We are also considering the feasibility of metrics in relation to complaint resolution that would better capture the fairness of complaint resolution, in addition to timeliness. 
As FSCS claims will always be ‘after the event’ these are lagging indicators. So it will take some time before the impact of our work begins to show. FSCS claims may also be driven by wider economic conditions. 
We recognise the limitations of this metric in capturing consumer understanding of the redress system as well as awareness. This is complex and we may explore how to develop this further. 
Failing firms can cause widespread harm. Consumers can lose money. Firms will always carry a risk of failing, so they need to plan for this from the outset. 
We aim to minimise the fallout from failing firms. Firms should be financially resilient and recover quickly from disruptions. 
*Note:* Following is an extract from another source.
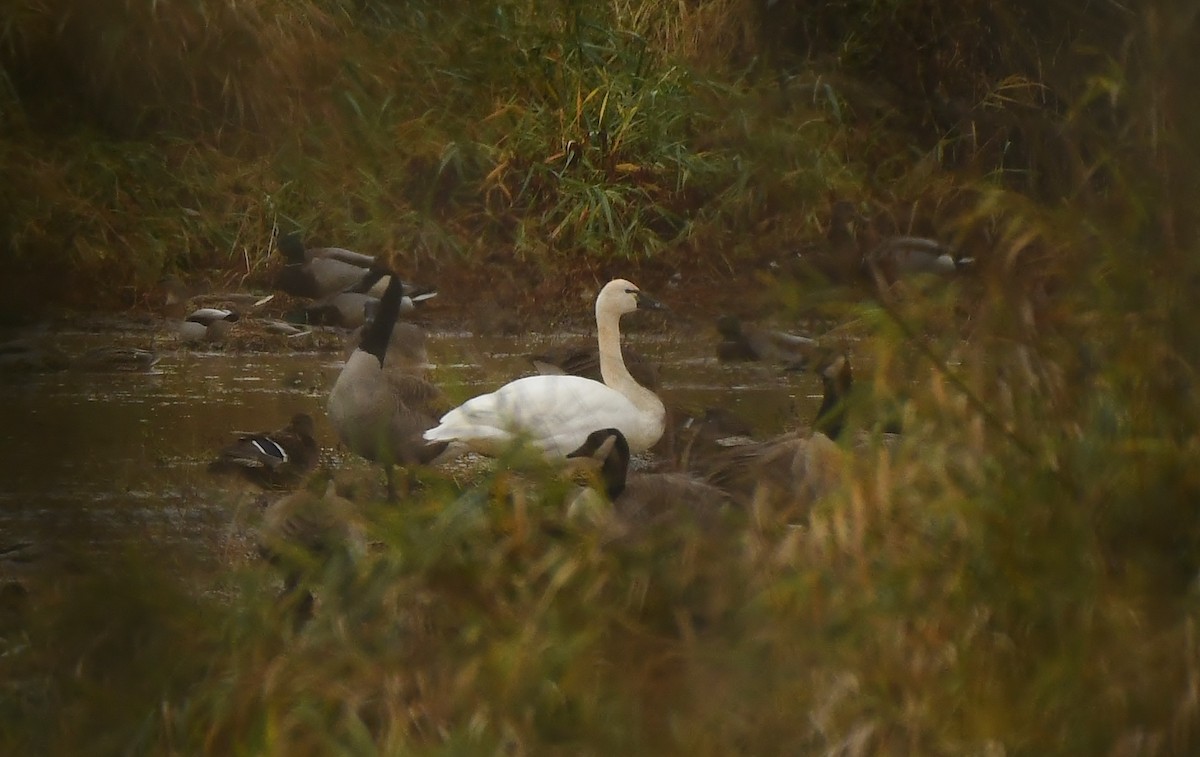 Tundra Swan - ML645930940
A low and stable proportion of firms who do not meet their financial requirements indicates that firms are generally able to conduct business and wind down without causing significant harm. The metric does not perfectly capture progress towards the outcome because not all prudential regimes are harm based. So even where firms meet their financial resource requirements, they can cause harm. 
A low and stable proportion of firms with adverse CASS audits indicates that firms generally hold client assets and funds appropriately. An adverse report is one where the auditor has identified a problem (eg the firm not identifying client money).
Principal firms are responsible for ensuring their Appointed Representatives (ARs) comply with our rules. But many principals do not adequately oversee the activities of their ARs. Consumers are at risk of being mis-led and mis-sold, while misconduct by ARs in the financial sector can undermine market integrity. So we’re making changes to improve principals’ oversight of their ARs, increase the information they give us and raise standards across financial services. 
We know our activities will take some time to impact complaints data. We anticipate a reduction in complaints will lag behind the changes we are making. We may also see increases in the short term, where our work reveals misconduct that drives complaints. 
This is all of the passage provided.